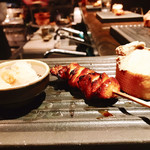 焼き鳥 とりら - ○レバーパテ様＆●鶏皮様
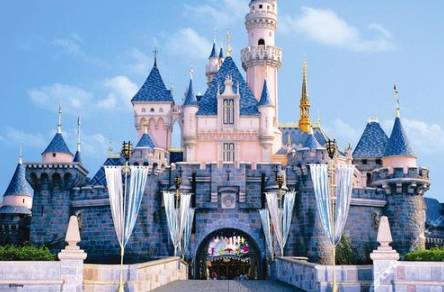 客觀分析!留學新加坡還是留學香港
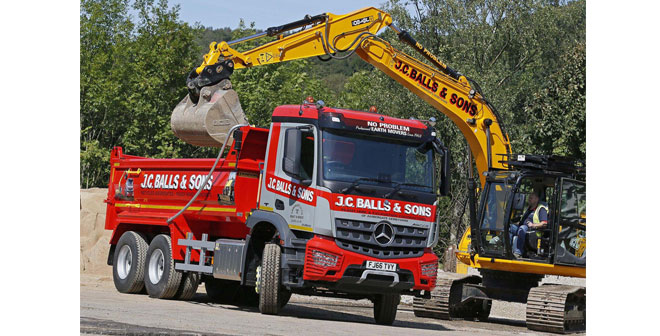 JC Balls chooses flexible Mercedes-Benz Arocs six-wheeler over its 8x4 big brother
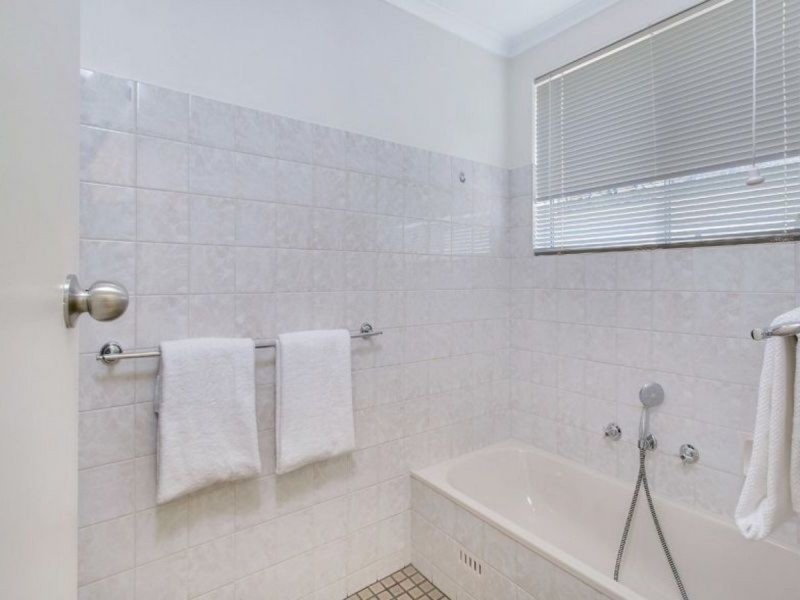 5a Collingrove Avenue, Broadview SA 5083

PROBLEM STATEMENT:
Pictures stay out. Copy exactly, and only, the lines from the one containing "客觀分析!留學新加坡還是留學香港" through the end of the data.

ANSWER TO THE EXERCISE:
 客觀分析!留學新加坡還是留學香港
 JC Balls chooses flexible Mercedes-Benz Arocs six-wheeler over its 8x4 big brother
 5a Collingrove Avenue, Broadview SA 5083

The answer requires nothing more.